>>>

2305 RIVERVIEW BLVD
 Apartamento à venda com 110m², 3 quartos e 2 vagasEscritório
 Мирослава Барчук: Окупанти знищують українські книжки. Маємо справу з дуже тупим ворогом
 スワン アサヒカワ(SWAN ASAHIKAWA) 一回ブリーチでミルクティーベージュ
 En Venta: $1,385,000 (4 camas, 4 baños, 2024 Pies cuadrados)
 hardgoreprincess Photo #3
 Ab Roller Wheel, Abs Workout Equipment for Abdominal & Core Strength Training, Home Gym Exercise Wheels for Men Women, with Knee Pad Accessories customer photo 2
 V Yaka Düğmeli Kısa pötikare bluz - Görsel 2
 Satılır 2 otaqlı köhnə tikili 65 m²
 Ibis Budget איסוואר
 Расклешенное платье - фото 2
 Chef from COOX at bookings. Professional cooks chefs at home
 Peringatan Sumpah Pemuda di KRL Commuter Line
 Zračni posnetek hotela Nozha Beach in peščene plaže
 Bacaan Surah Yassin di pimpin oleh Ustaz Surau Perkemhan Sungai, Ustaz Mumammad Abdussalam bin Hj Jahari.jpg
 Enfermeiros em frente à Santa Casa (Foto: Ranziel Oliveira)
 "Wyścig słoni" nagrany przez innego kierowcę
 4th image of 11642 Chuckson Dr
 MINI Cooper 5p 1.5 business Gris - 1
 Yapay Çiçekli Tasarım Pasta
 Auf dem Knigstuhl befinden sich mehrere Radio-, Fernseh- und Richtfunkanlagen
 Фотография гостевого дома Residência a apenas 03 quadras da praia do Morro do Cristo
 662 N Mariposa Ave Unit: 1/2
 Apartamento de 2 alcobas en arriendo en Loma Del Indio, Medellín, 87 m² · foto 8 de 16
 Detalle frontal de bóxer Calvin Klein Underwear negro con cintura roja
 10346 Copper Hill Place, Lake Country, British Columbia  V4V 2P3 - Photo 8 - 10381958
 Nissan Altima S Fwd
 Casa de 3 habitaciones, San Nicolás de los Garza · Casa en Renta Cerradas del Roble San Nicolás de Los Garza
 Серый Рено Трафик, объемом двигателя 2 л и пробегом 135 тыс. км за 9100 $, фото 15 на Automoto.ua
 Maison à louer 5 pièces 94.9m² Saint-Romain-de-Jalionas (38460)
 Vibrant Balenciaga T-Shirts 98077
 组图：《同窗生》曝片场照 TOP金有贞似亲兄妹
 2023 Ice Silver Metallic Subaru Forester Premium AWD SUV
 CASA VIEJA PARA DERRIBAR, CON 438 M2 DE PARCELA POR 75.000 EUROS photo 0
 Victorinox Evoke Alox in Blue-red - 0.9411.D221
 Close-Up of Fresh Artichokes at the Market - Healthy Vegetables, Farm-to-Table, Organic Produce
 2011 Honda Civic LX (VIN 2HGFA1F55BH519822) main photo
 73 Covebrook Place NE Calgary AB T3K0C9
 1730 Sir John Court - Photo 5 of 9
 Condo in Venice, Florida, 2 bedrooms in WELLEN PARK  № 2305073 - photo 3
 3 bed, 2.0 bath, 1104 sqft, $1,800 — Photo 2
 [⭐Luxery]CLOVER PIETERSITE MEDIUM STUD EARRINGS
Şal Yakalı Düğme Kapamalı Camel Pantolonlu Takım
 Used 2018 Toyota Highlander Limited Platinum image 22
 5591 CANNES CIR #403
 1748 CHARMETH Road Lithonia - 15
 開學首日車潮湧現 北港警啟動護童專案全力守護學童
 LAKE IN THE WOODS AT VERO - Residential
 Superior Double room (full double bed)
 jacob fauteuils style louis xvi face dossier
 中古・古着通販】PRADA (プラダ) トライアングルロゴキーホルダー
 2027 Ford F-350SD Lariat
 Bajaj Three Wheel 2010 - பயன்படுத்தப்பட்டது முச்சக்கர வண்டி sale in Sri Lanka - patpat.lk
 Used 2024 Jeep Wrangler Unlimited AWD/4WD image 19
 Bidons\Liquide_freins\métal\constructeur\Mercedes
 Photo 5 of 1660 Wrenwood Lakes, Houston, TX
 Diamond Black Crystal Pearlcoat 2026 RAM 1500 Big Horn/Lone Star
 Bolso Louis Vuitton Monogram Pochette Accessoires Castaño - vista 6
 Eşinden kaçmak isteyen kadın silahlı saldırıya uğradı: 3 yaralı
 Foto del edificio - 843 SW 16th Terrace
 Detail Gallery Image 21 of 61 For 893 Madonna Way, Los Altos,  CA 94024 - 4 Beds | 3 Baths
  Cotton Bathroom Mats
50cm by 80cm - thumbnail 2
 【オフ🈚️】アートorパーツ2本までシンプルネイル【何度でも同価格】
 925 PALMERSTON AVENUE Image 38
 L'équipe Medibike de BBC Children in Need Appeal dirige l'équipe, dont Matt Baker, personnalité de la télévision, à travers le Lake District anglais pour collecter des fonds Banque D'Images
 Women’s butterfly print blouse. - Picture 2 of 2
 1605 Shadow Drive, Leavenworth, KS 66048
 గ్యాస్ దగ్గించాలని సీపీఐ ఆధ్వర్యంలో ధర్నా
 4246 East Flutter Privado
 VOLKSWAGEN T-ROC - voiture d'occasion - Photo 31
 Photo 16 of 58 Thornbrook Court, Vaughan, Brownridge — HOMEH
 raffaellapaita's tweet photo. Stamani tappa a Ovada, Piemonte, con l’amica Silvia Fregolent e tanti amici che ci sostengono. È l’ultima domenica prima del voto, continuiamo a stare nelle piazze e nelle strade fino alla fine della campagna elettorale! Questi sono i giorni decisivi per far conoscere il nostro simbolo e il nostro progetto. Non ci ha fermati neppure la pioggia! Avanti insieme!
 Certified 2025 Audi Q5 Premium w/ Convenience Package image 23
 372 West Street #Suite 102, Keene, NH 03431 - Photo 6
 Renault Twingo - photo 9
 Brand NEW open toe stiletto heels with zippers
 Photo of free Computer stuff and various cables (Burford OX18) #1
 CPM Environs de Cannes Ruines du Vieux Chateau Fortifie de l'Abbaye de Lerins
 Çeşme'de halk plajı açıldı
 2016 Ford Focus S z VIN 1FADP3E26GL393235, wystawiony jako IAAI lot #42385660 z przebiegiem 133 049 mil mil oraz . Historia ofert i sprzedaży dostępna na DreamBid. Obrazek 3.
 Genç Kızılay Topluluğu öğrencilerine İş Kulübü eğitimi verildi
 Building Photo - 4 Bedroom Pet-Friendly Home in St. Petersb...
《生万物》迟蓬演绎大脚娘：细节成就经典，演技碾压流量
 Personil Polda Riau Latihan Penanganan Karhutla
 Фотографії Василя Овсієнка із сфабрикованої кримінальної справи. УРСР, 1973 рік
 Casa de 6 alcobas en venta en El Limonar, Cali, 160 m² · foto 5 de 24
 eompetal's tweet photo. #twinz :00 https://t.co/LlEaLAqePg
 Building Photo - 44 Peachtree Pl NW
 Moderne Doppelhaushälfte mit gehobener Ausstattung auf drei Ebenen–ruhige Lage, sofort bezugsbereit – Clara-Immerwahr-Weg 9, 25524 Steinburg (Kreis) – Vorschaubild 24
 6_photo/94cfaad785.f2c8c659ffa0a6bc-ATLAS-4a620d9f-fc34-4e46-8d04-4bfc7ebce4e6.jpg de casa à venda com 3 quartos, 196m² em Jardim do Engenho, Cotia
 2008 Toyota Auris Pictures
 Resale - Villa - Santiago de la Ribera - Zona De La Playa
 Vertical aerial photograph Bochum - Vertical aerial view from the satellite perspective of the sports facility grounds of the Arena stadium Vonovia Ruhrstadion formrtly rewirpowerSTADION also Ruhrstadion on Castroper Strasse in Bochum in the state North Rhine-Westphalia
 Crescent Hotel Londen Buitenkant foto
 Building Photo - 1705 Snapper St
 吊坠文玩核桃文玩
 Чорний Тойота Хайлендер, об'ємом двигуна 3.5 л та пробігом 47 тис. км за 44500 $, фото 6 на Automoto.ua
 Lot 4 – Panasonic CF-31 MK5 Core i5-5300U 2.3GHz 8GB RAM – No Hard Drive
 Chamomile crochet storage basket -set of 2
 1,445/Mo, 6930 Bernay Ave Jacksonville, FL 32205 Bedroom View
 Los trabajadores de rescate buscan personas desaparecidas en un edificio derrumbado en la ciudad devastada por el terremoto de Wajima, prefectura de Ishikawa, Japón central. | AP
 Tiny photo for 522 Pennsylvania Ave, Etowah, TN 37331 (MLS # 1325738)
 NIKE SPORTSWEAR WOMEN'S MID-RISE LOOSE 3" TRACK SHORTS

<<<

◆ The problem
The reply should consist solely of the lines of the data, exact, from the opening line through the line with "Zračni posnetek hotela", inclusive.

◆ Exercise solution
2305 RIVERVIEW BLVD
 Apartamento à venda com 110m², 3 quartos e 2 vagasEscritório
 Мирослава Барчук: Окупанти знищують українські книжки. Маємо справу з дуже тупим ворогом
 スワン アサヒカワ(SWAN ASAHIKAWA) 一回ブリーチでミルクティーベージュ
 En Venta: $1,385,000 (4 camas, 4 baños, 2024 Pies cuadrados)
 hardgoreprincess Photo #3
 Ab Roller Wheel, Abs Workout Equipment for Abdominal & Core Strength Training, Home Gym Exercise Wheels for Men Women, with Knee Pad Accessories customer photo 2
 V Yaka Düğmeli Kısa pötikare bluz - Görsel 2
 Satılır 2 otaqlı köhnə tikili 65 m²
 Ibis Budget איסוואר
 Расклешенное платье - фото 2
 Chef from COOX at bookings. Professional cooks chefs at home
 Peringatan Sumpah Pemuda di KRL Commuter Line
 Zračni posnetek hotela Nozha Beach in peščene plaže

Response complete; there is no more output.